The dashboard is, in essence, a cron job that is responsible for ensuring that experiments' dependencies are met, then running experiments and taking measurements, and creating graphs and a website in order to read their results. We divide this functionality in terms of experiments and subsystems, with experiments containing the code responsible for producing and analyzing data and subsystems handling the matter of displaying the results.

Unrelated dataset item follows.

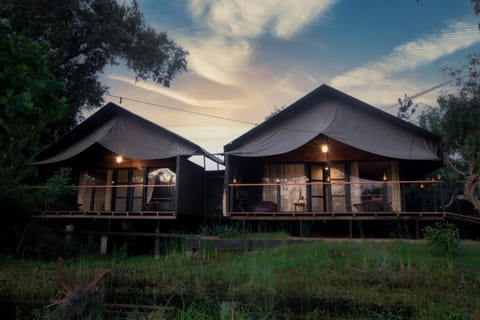 Leopard Trails Yala Campground/ 
RV Resort in Southern Province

The dashboard infrastructure is responsible for keeping configuration information for experiments and subsystems and for activating each experiment and subsystem in turn.

The core dashboard infrastructure is implemented in the folder dashboard (other parameters and configurations will be discussed later) and can be activated through the script run_dashboard.sh, which takes as a parameter a "home directory." The dashboard's home directory is where all information about experiment and subsystem configurations and results is stored, as well as the configuration for the dashboard itself.

The core infrastructure is responsible for doing the following:

• Building TVM (pulling in a fresh master and checking out branches if experiments request a specific one) and pulling in the Relay AOT compiler
• Checking that the home directory is well-formed
• Detecting experiments and subsystems based on whether configurations for them exist in the home directory
• "Pre-checking" experiment and subsystem configs: Any that are missing mandatory fields or do not parse are rejected and not run
• Running each experiment according to the protocol defined later in this document
• Running each subsystem according to the protocol defined later in this document
• Making an archive of the dashboard home before and after this run

The dashboard home directory organization is as follows:

• config
  • config.json: Top-level configuration information for the dashboard infrastructure
  • experiments: A subdirectory corresponding to each experiment (subdirectory) in the repo's experiments directory, matching the name. Each subdirectory contains a config.json with that experiment's configuration.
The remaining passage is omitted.